Be sure to also check out our Travel Blog where you can share and read stories about travelling with the family.

We encourage you to share your experiences - by sharing your experiences and commenting on other posts, you may be helping other moms.

<< First  < Prev   ...   29   30   31   32   33   Next >  Last >> 
  • Thursday, July 03, 2008 1:57 PM | Marina
    Everything I read tells me to put my baby down while he's still awake so that he can learn how to soothe himself to sleep. Sounds good, but how do I actually do this?

    Expert Answers

    Deborah Lin-Dyken, pediatric sleep disorders expert

    You can't really teach your baby how to self-soothe, but you can provide him with the opportunity to teach himself. Given the right circumstances and the right stage of development, usually between 3 and 6 months of age, it will happen on its own. It's like learning to crawl: If you always carry your baby, he'll never have a chance to discover crawling, since he'll never be on the floor long enough to figure it out. It's the same thing with self-soothing: If you always nurse or rock your baby to sleep, he'll never have a chance to learn how to soothe himself to sleep.

    How can you help your baby do this? First, you need to set the stage, which includes two things: a regular bedtime and a consistent routine. A bedtime that occurs at the same time every night will set your baby's internal clock so that he's naturally sleepy at a predictable time. The bedtime routine should happen in the place you want your baby to sleep and include three or four soothing activities, such as taking a bath, reading a story and having a cuddle, that let him know it's time for "night-night." When the bedtime routine is finished, put your baby to bed drowsy but awake.

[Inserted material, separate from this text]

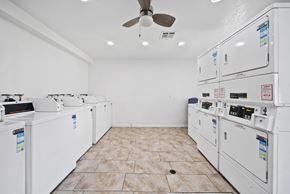 Rialto apartment for rent - A room with a white ceiling and floor, containing a row of washing machines.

    Many babies will surprise you and drift off to sleep without much protest. Other babies, especially older ones who may have come to depend on being nursed or rocked to sleep, will need a bit of practice. Remember, self-soothing is just like crawling — it takes time and opportunity. You can teach your baby all at once and wait outside your baby's room, checking on him as frequently or infrequently as you wish. Or you can make it a more gradual process, sitting next to your baby's crib and easing yourself farther away each night — sitting in the middle of the room, sitting in the doorway and so on.

    If your baby is used to breast- or bottle-feeding as he goes to sleep in your arms, you'll have to break his need to suck to sleep. You can move your child's feeding to earlier in the bedtime routine or slowly reduce the number of ounces or number of minutes of this feeding. Or when you see your baby starting to drift off during a feeding, promptly end his meal and finish the rest of the bedtime routine before laying him down.

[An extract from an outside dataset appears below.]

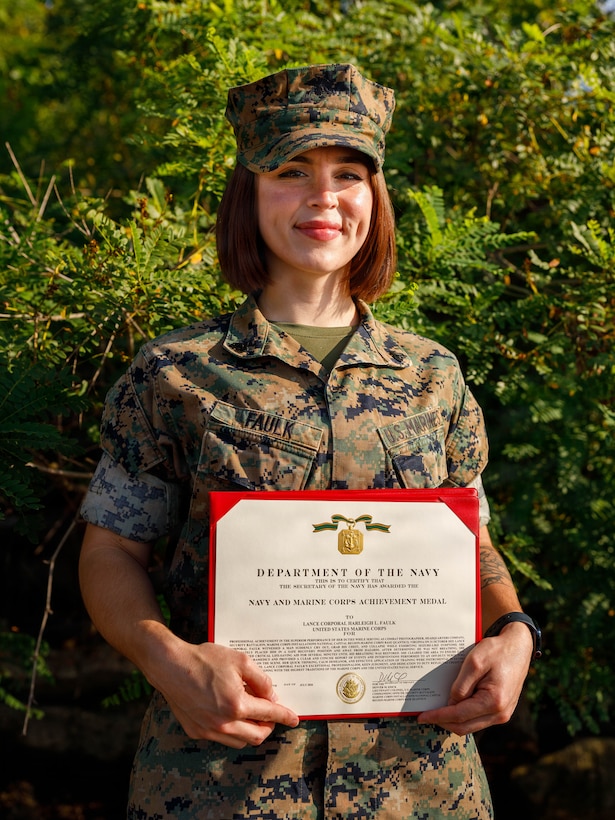 U.S. Marine Corps Cpl. Harleigh Faulk, a combat photographer with Security Battalion, Marine Corps Base Quantico, poses for a photo with her Navy and Marine Corps Achievement Medal on MCB Quantico, Virginia, Aug. 26, 2026. Faulk was awarded a NAM on Aug.10, 2026, for life-saving actions performed on Halloween night, 2025. (U.S. Marine Corps photo by Lance Cpl. Lynsee Avila-Ramirez)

    Although some people believe that you should never wake a sleeping baby, keep the big picture in mind. On any particular night, waking your baby after he's drifted off may seem crazy, especially when you're beat and have a million things to do before turning in yourself. But when you remember your long-term goal of helping your baby develop the ability to soothe himself to sleep, both at bedtime and when he naturally wakes up during the night, it's well worth doing.

    What happens if you've given your baby plenty of chances to self-soothe and he just can't seem to do it? Take a step back and try to figure out why. Perhaps he's simply too young and doesn't yet have the developmental ability to self-soothe, just as a 3-month-old can spend hours on the living room floor yet still won't be able to crawl .In this case, wait a few days, weeks or even months before trying again.

    Or maybe your baby is too tired — and thus too overwrought — to settle down by himself. In this case, try moving his bedtime a bit earlier so he isn't a complete wreck by lights-out. Finally, think about whether you're really giving your baby an opportunity to find ways to soothe himself, or are rushing in to comfort him at his first peep and depriving him of the chance to figure it out on his own.

    Most important, keep your goal in mind: Developing the ability to soothe himself to sleep will enable your baby to snooze for longer stretches and put himself back to sleep when he naturally wakes up during the night, allowing him to get the rest he needs to grow and thrive. What's more, self-soothing is an important life skill that will serve your baby well not just at bedtime but also in other situations, such as when he's separated from you at daycare or even when you momentarily walk out of the room, when he gets frustrated trying to master all those other important skills such as — you guessed it — crawling, or when he's just feeling fussy.


  • Friday, June 27, 2008 11:04 AM | Claire (Administrator)
    Hi moms,
    Post a topic, comment or start a forum and receive a free personalized gift for your baby.
    This gift will be based on your baby's name and will include: root, origin and meaning of the name as well as a personal message from you, such as "Love always, mommy & daddy"  followed by baby's birthdate.  If you have more than one child or twin you can also put the two names on one sheet.

    Once you make a post, you will be send a list of backgrounds that you can choose from and then your gift will be mailed out to you.
    Here are some examples of what you will receive.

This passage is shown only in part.